WORK ORDER ->
Scan the data below for the string "fiberglass". Show every line where it turns up.

BEGIN SUPPLIED INFORMATION

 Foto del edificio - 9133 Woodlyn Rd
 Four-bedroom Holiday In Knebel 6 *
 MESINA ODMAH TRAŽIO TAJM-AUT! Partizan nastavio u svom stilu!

END SUPPLIED INFORMATION
BEGIN SUPPLIED INFORMATION

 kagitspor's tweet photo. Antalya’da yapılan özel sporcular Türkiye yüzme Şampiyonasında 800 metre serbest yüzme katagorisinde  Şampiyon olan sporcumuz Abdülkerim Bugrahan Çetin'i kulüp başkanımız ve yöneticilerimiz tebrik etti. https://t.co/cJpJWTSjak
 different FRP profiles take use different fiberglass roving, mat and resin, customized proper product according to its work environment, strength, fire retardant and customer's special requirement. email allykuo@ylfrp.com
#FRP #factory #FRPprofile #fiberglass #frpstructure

END SUPPLIED INFORMATION
BEGIN SUPPLIED INFORMATION

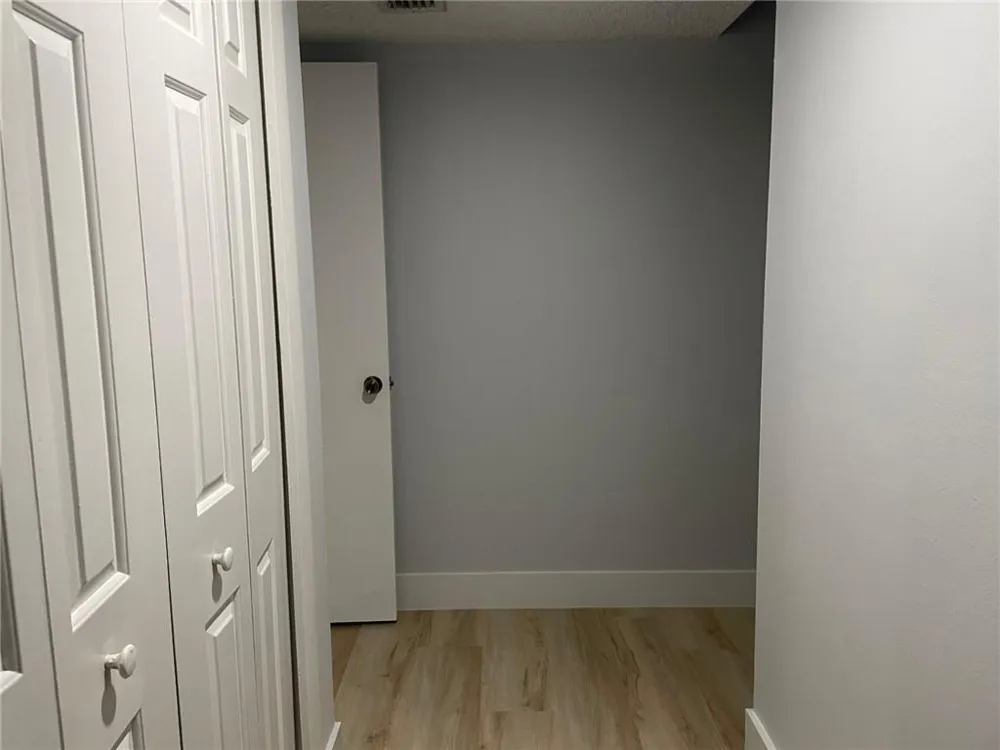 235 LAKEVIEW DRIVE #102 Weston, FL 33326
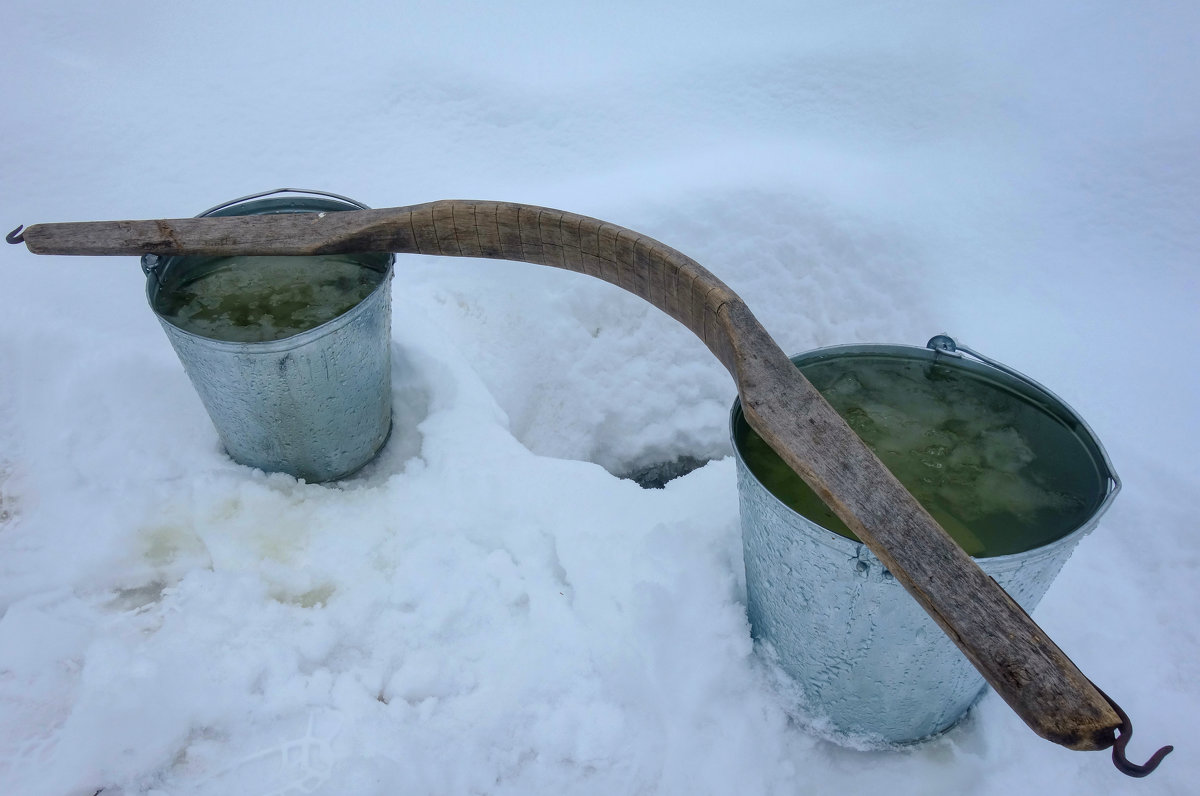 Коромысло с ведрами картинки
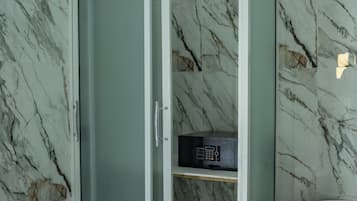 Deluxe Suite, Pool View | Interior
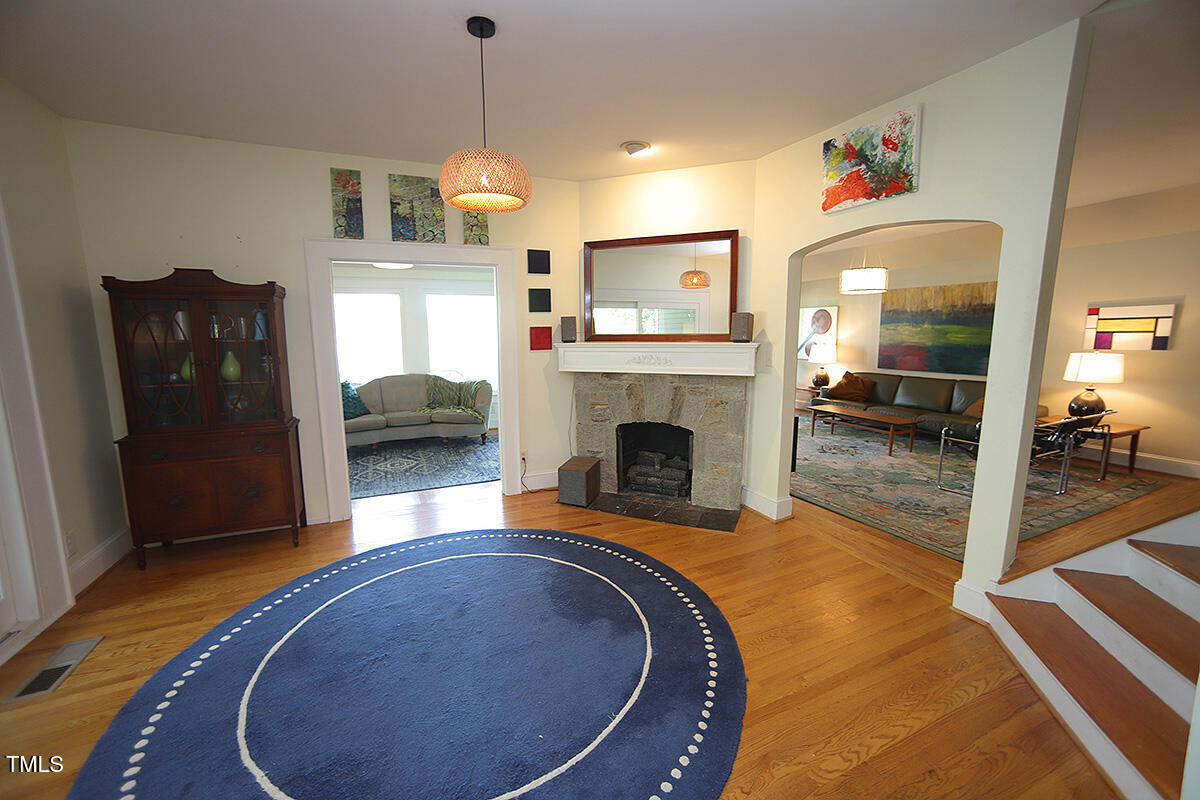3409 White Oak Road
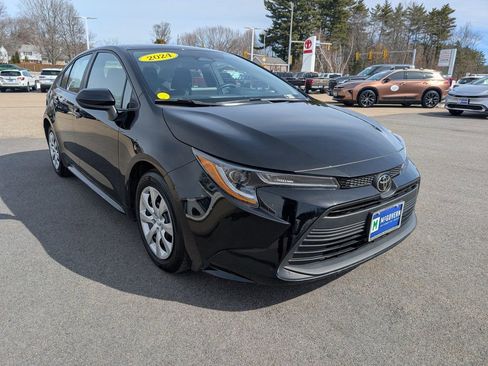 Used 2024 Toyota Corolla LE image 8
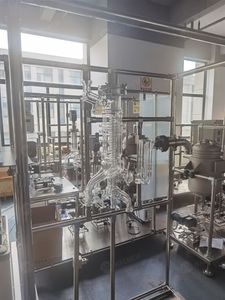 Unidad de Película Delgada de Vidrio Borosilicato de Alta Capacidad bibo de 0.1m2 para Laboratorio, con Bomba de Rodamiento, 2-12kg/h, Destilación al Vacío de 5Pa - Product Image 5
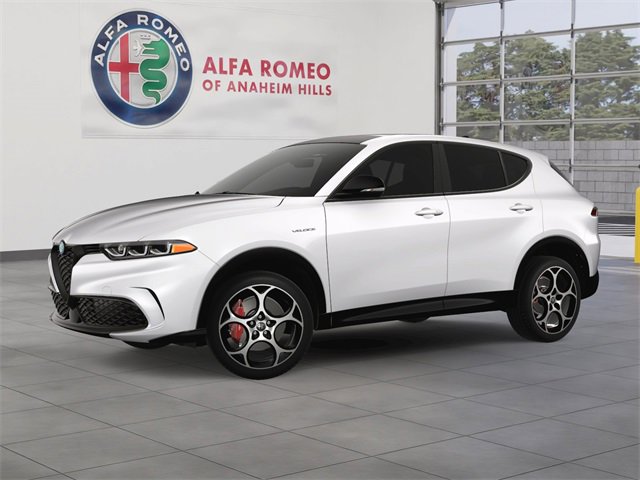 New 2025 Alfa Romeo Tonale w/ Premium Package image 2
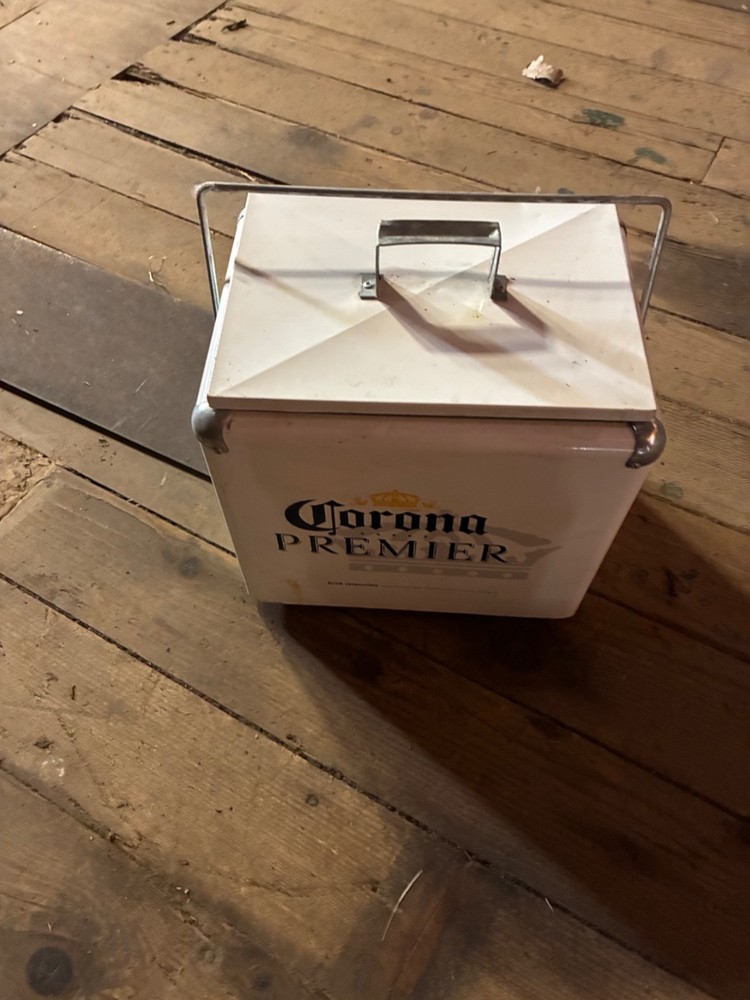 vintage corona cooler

END SUPPLIED INFORMATION

RESULT OF THE EXERCISE ->
 different FRP profiles take use different fiberglass roving, mat and resin, customized proper product according to its work environment, strength, fire retardant and customer's special requirement. email allykuo@ylfrp.com
#FRP #factory #FRPprofile #fiberglass #frpstructure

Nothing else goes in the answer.